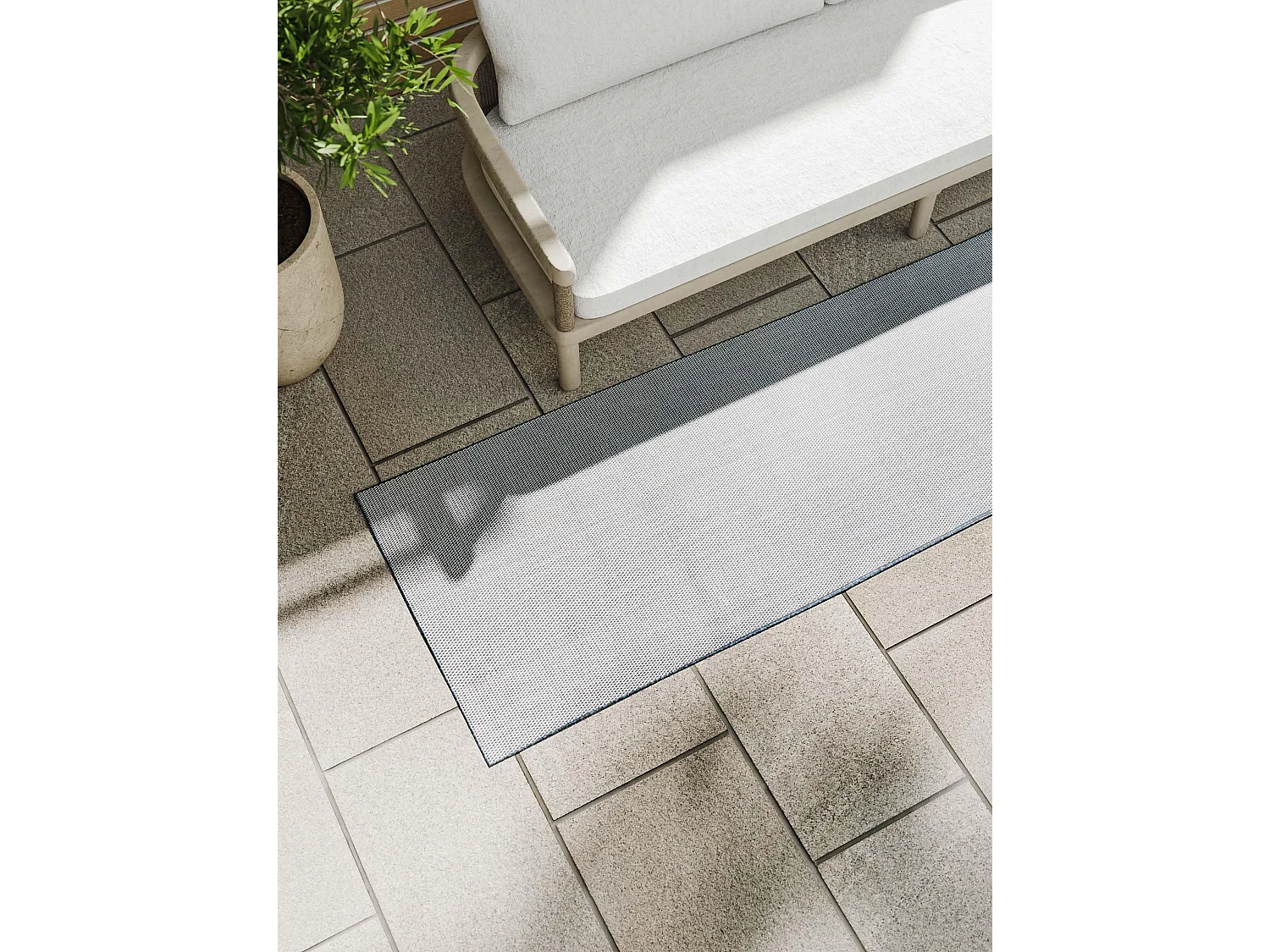 Tapis d'extérieur & intérieur Lou Bleu 70x200 cm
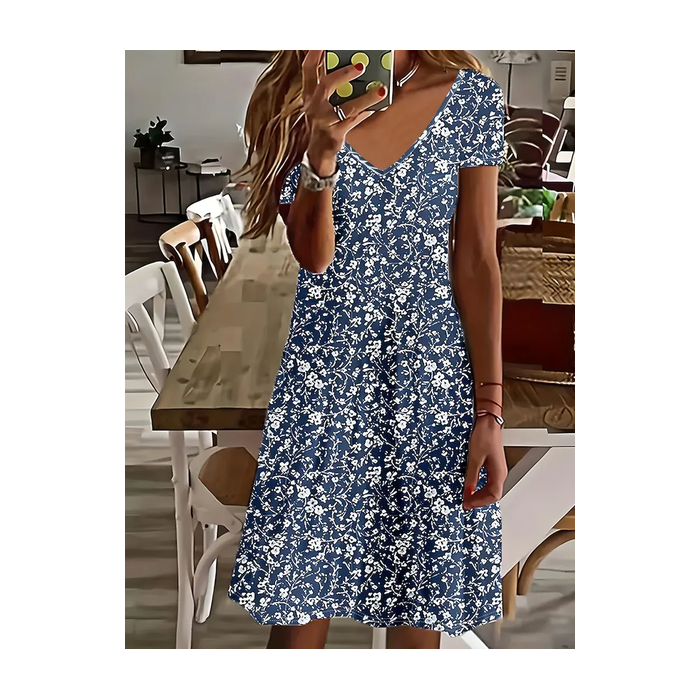 Women Floral Short Sleeve Summer Printing Dress V Neck Daily Casual Midi Fit & Flare Dress A-Line Dress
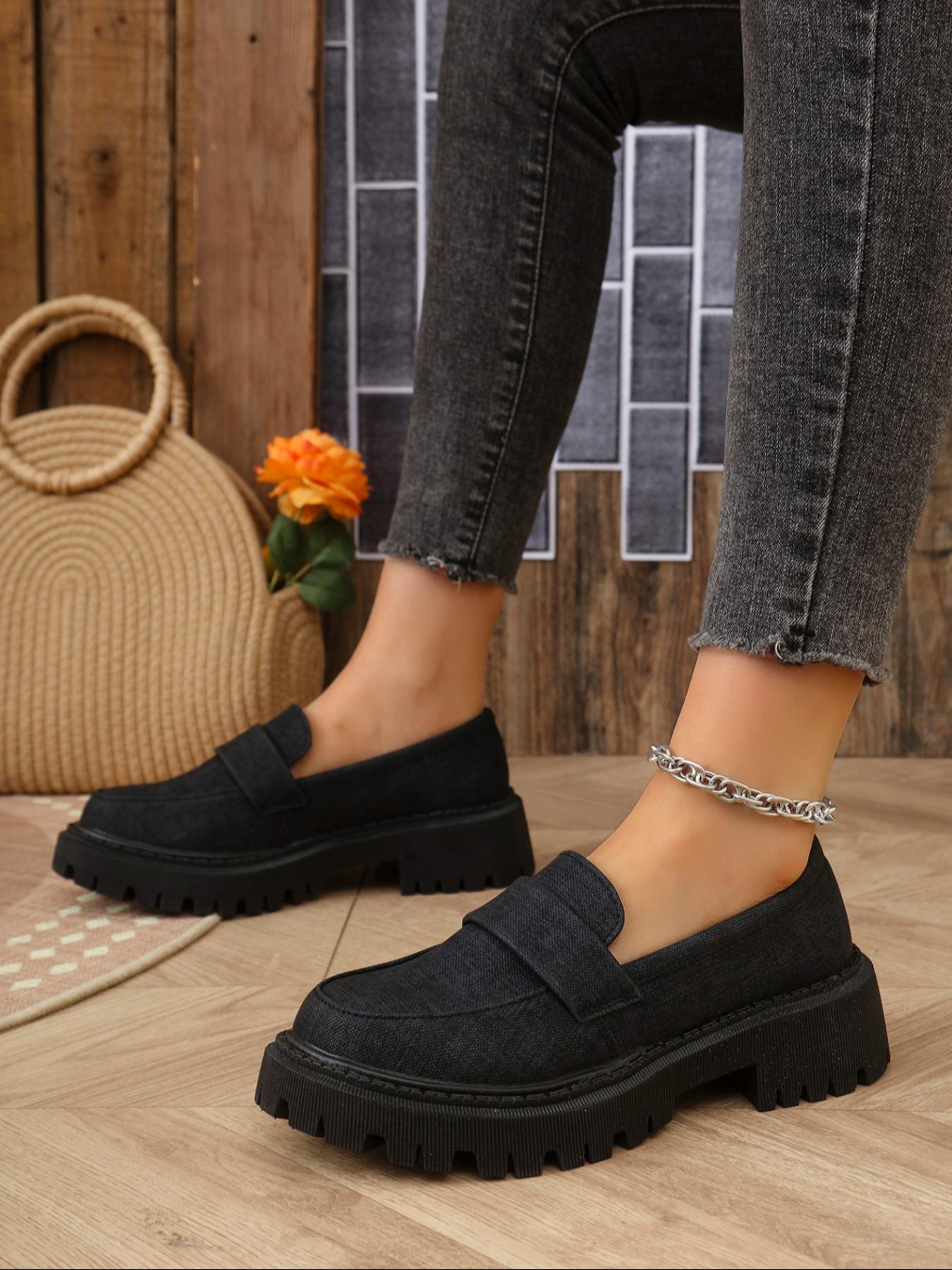 Women's Fashionable Loafers, Casual Comfortable Slip on Shoes for Daily Wear, Commuter Shoes, Non-slip Trendy Shoes for Women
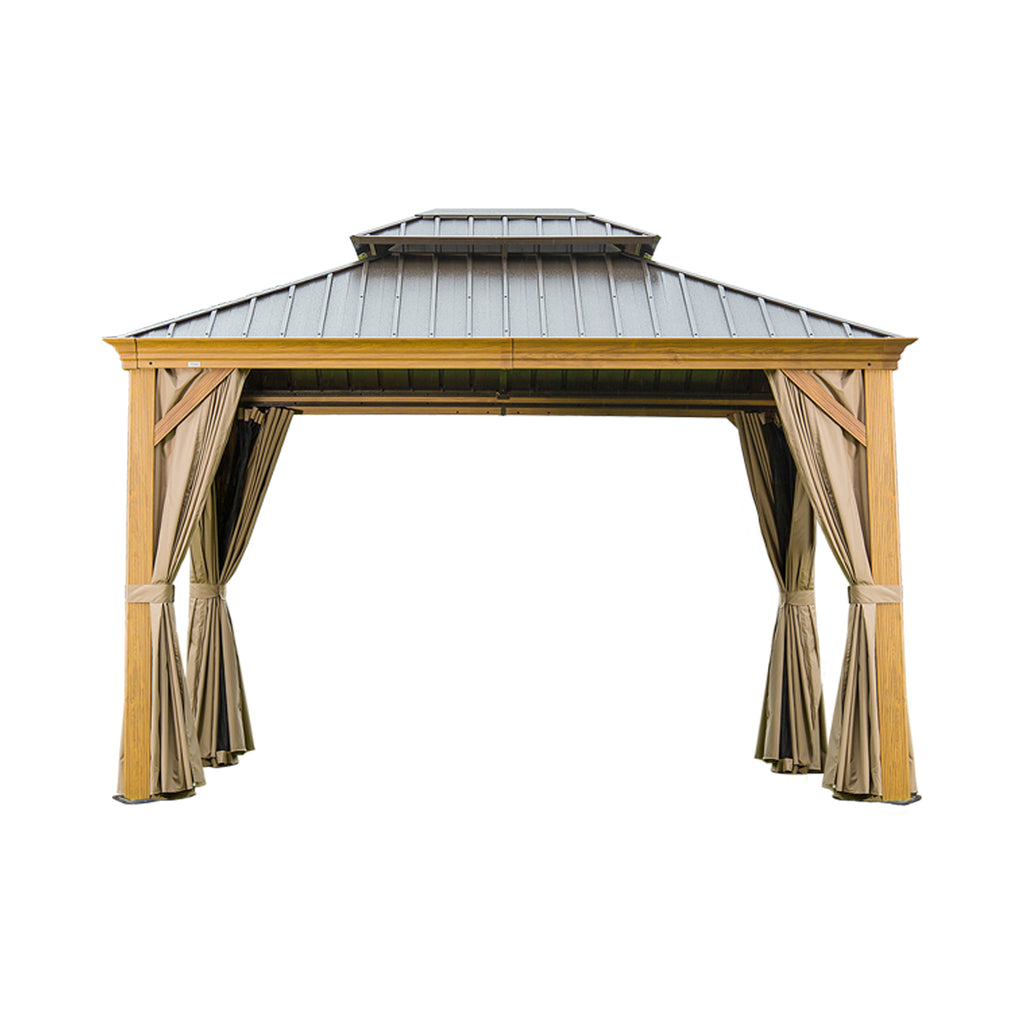 10' X 14' Hardtop Gazebo Outdoor Metal Gazebo Canopy with Galvanized Steel Double Roof, Wood Grain Aluminum Frame, Curtains and Netting for Patio, Deck, Garden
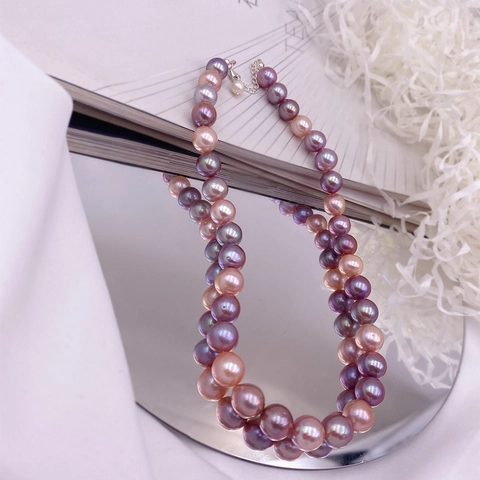 Baroque Freshwater Pearl Necklace For Women Colorful Edison Pearl Clavicle Chain Retro Oversized 925 Sterling Silver Jewelry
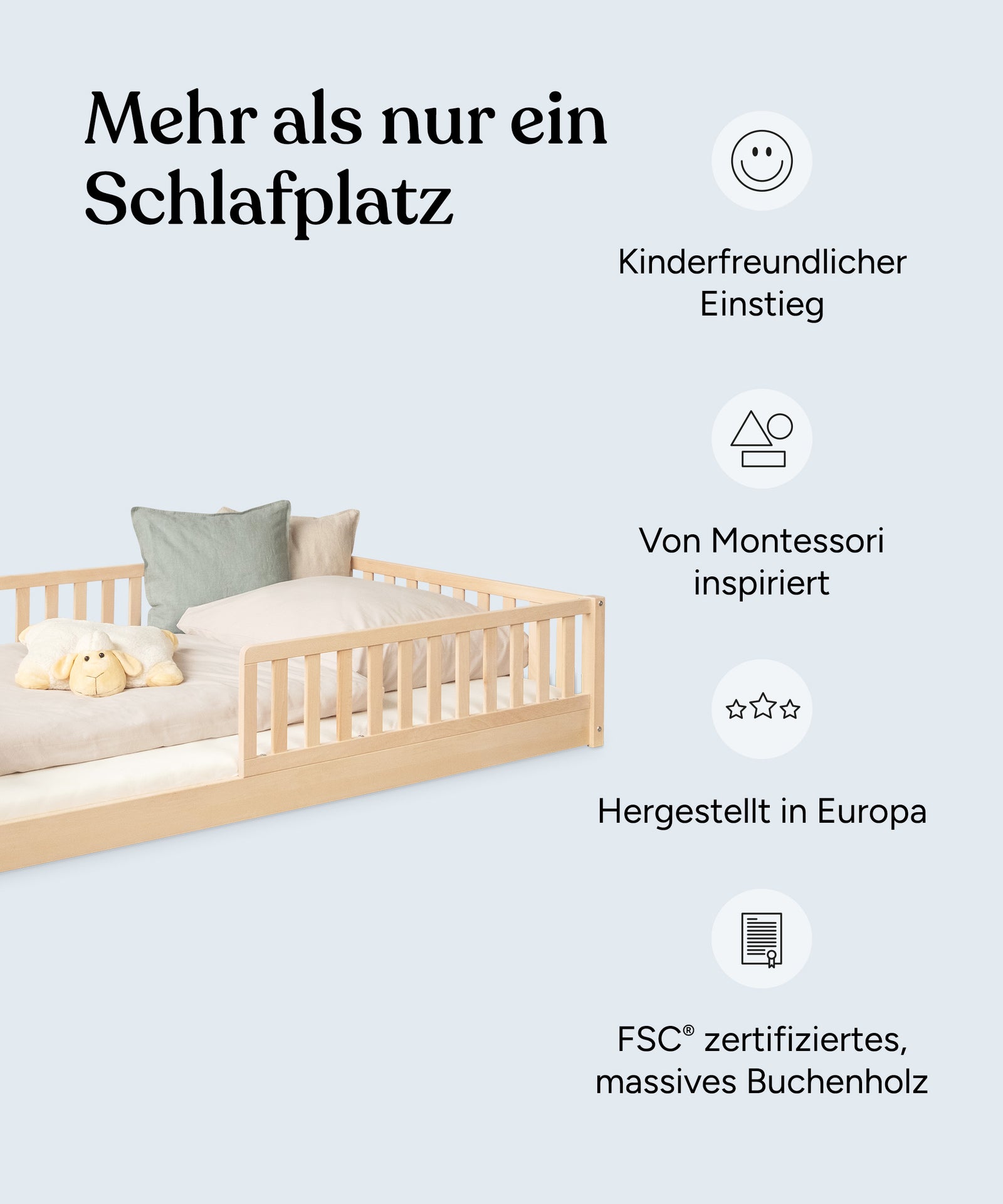 Vorteile-Grafik Bodenbett  Livo Buche Natur.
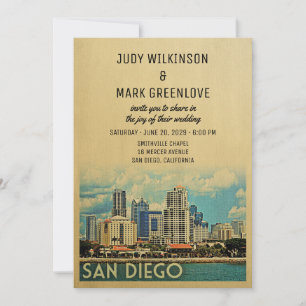 Hochzeitseinladung San Diego Vintage Mitte des Jah Einladung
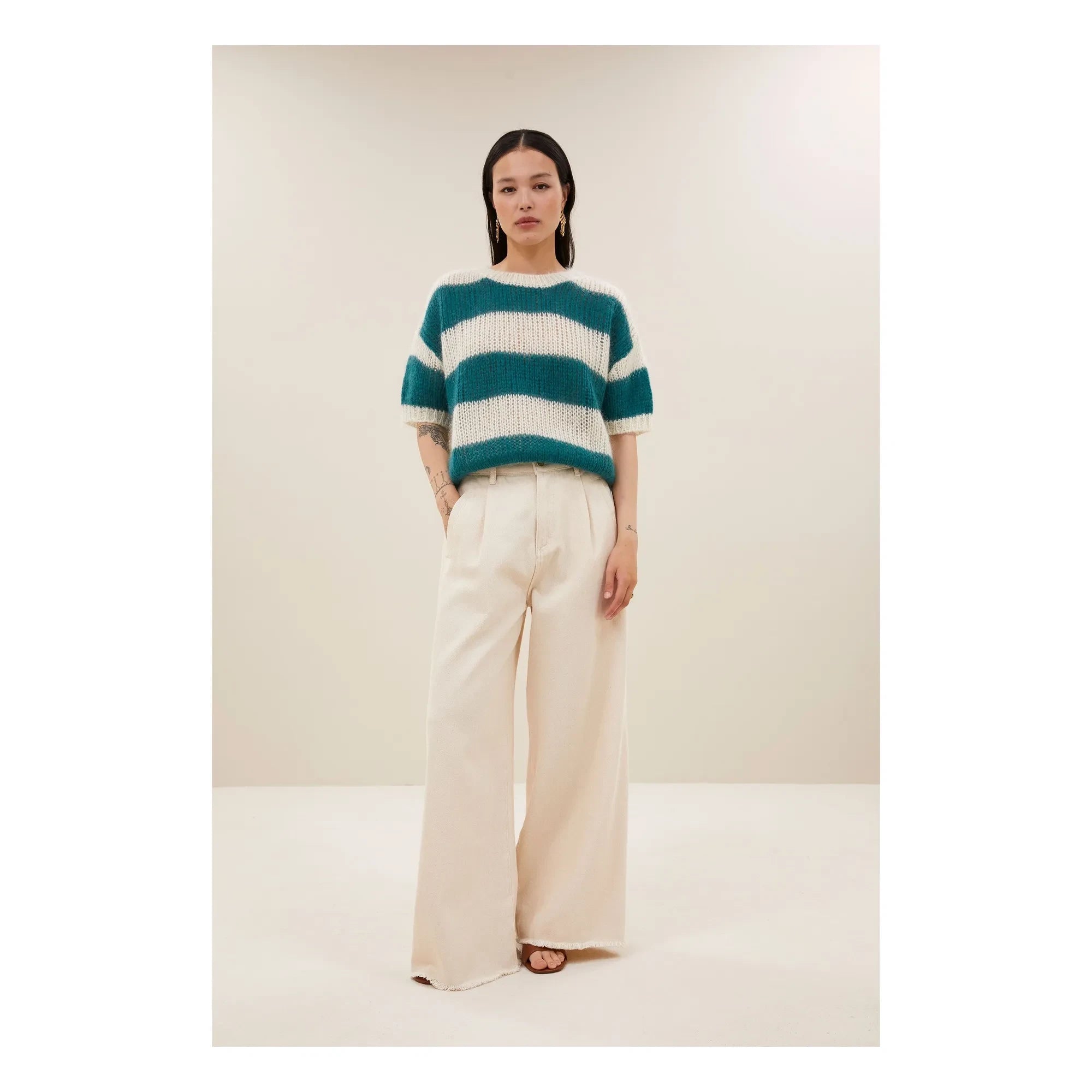 By Bar - Nino Astro Gestreifter Pullover | Peacock blue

══════════

▸ **Instructions for the task**:
Please copy out the whole listing exactly, minus its pictures.

▸ **Expected answer**:
 Tapis d'extérieur & intérieur Lou Bleu 70x200 cm
 Women Floral Short Sleeve Summer Printing Dress V Neck Daily Casual Midi Fit & Flare Dress A-Line Dress
 Women's Fashionable Loafers, Casual Comfortable Slip on Shoes for Daily Wear, Commuter Shoes, Non-slip Trendy Shoes for Women
 10' X 14' Hardtop Gazebo Outdoor Metal Gazebo Canopy with Galvanized Steel Double Roof, Wood Grain Aluminum Frame, Curtains and Netting for Patio, Deck, Garden
 Baroque Freshwater Pearl Necklace For Women Colorful Edison Pearl Clavicle Chain Retro Oversized 925 Sterling Silver Jewelry
 Vorteile-Grafik Bodenbett  Livo Buche Natur.
 Hochzeitseinladung San Diego Vintage Mitte des Jah Einladung
 By Bar - Nino Astro Gestreifter Pullover | Peacock blue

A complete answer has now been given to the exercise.